We’re committed to providing the best available testing to improve your happiness and overall wellness. When you are having trouble sleeping, schedule a sleep test with us. We provide sleep testing for people of all ages and abilities.
Comfort and Support for Accurate Results
With University Health, you can get hospital-grade monitoring technology in the comfort of a private hotel room. We are committed to providing you with the most comfortable environment for optimal results. We also offer daytime sleep studies if you work at night, plus weekend studies.
Our Sleep Lab services are available at the La Quinta Inn & Suites San Antonio Medical Center and Courtyard Marriott San Antonio Downtown Market Square.
We also offer Sleep Lab services at University Hospital for high-risk adult and pediatric patients with full support from nurses and doctors.
Tests That Study Each Stage of Sleep
During your stay at the Sleep Lab, our specialists will use technology to monitor you while you sleep. We will also video record you sleeping so the doctor can better diagnose what may be disrupting your sleep.
We will perform sleep tests including:
- Polysomnogram (PSG), which records:
- Air flow in and out of the lungs
- Oxygen levels in the blood
- Body position
- Brain waves
- Heart rate
- Eye movement
- Multiple Sleep Latency Test (MSLT).
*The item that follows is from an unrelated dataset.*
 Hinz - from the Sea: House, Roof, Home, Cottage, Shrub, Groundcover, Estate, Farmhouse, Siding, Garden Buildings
This measures how quickly you fall asleep in quiet situations throughout the day. MSLT can help diagnose narcolepsy and daytime sleepiness.
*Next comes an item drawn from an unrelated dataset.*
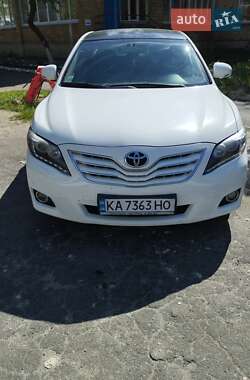 Седан Toyota Camry 2009 в Киеве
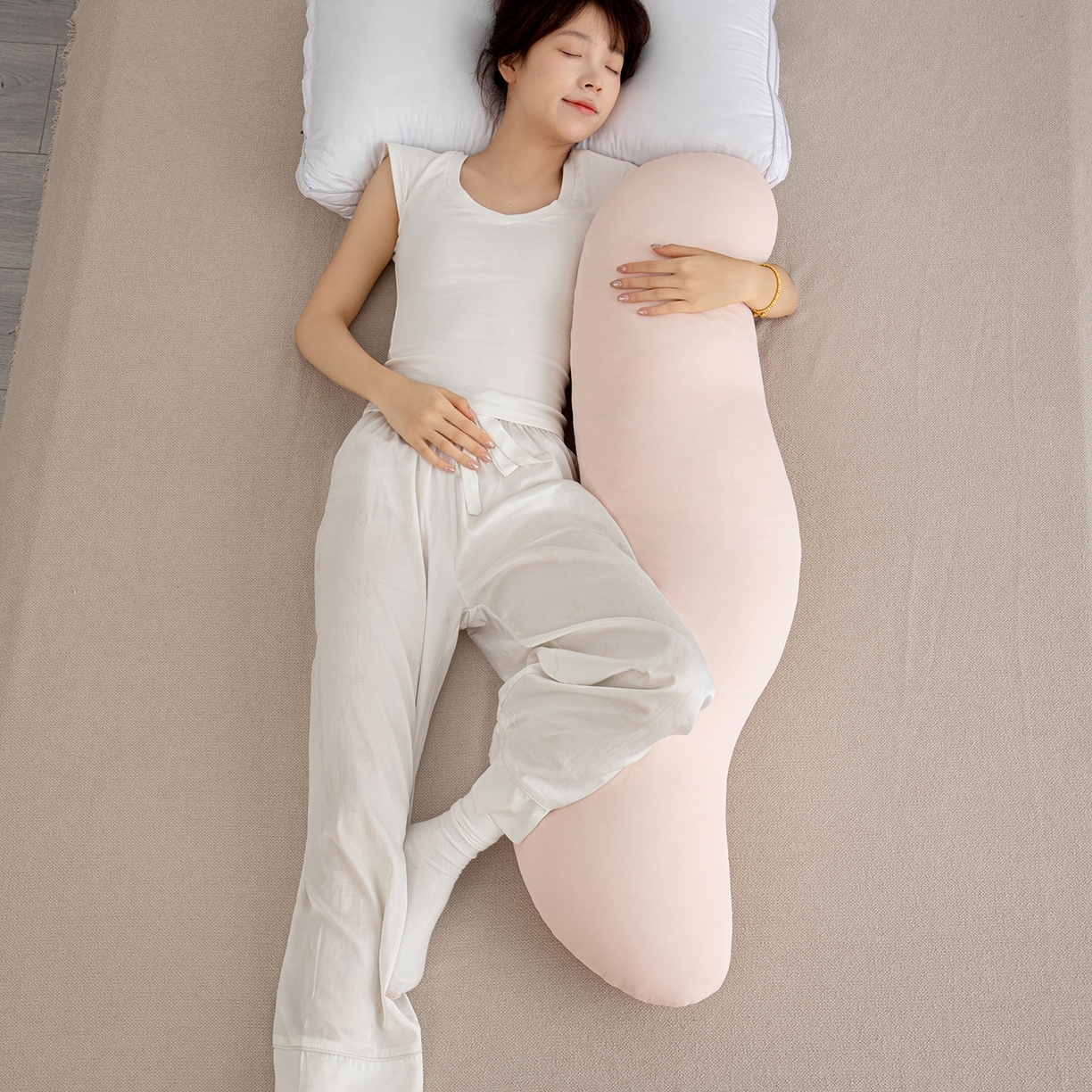 91家纺网 家纺一手货源 找家纺 （总）沐沐家纺 2026新款四季纯色深睡抱抱枕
- Chin and leg electromyogram (EMG). Your doctor will attach electrodes to your legs and chin to measure nerve activity during sleep. Increased muscle activity during sleep may indicate a sleep disorder.
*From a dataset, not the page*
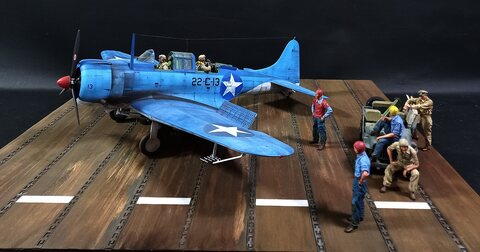 1/18 sbd-4 dauntless & DECK CREW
Extra Tests to Diagnose Sleep Disorders
Before ordering a sleep study, your doctor may run some tests to rule out other factors for your sleep disorder. These tests do not require you to spend the night at the hospital or hotel.
These tests include:
- Hemoglobin test. This tests your blood for anemia, which can cause daytime sleepiness and restless leg syndrome.
- Arterial blood gas test. Your doctor will draw blood from your wrist and test oxygen levels in your blood. This will show if you have shortness of breath or trouble breathing.
- Thyroid function test. This checks your blood for thyroid hormones. If your thyroid is not producing enough hormones, this can cause insomnia and fatigue.
- Drug and alcohol screening. Drugs and alcohol can affect the quality of sleep you get. Your doctor can check your drug and alcohol use to determine if that is a factor. This is either a blood or urine test.
- Epworth sleepiness score. This questionnaire scores how likely you are to fall asleep during the day.
- Beck depression index. This questionnaire asks questions about feelings of sadness, self-criticism, guilt and more to find signs of depression. Depression and some medicines that treat it can cause insomnia and fatigue.
Should I Do a Sleep Test?
A sleep test is the most effective way to diagnose a sleep disorder. If you are experiencing any of the following symptoms, your doctor may recommend a sleep test:
- Daytime sleepiness
- Difficulty focusing on work or school
- Excessive daytime napping
- Excessive snoring
- Leg discomfort
- Sleep walking
- Sleep talking
- Unable to fall asleep
- Unable to stay asleep
- Waking up gasping for breath
What Happens During a Sleep Study?
- You will arrive at the hospital or hotel for your study at night, just before your usual bedtime. This is so that you can mimic some of your bedtime routine and fall asleep faster.
- Your doctor will ask you to change into your pajamas or a hospital gown and remove jewelry that might get in the way. Then, your doctor will attach small metal discs called electrodes to your body to track heart rate, brain waves, etc.
- Your team will attach a small clip to your finger to measure your breathing while you sleep.
- Your team will turn out the lights, leave your room, and begin monitoring you.
- You will not be able to take sedatives before going to sleep.
- The next morning, your team will remove the electrodes and you will be able to shower and leave.
How to Prepare for a Sleep Test
While you don’t need to prepare anything for the test, there are a few things you can do to make your experience better.
Your doctor may recommend:
- Avoiding caffeine for a few days before the test
- Limiting naps before the test
- Showering before going to the sleep lab
- Not applying lotion before the test because the electrodes won’t stick
- Bringing your own pajamas and pillow
Your doctor may also ask you and your partner to keep a diary of your sleeping habits.
Questions to Ask Your Doctor
Knowledge is power. We want you to feel empowered and take charge of your health. Before agreeing to a sleep study, here are some questions to ask your doctor:
- What tests will you run while I’m asleep?
- What results should I expect and what will they mean?
- Are there any possible complications from participating in a sleep study?
- What are my other options?
- What are the risks and benefits of participating?
- Who is performing the test and what are their qualifications?
- How much will I have to pay?
- Who do I call to get the results?
- What are the next steps after the test?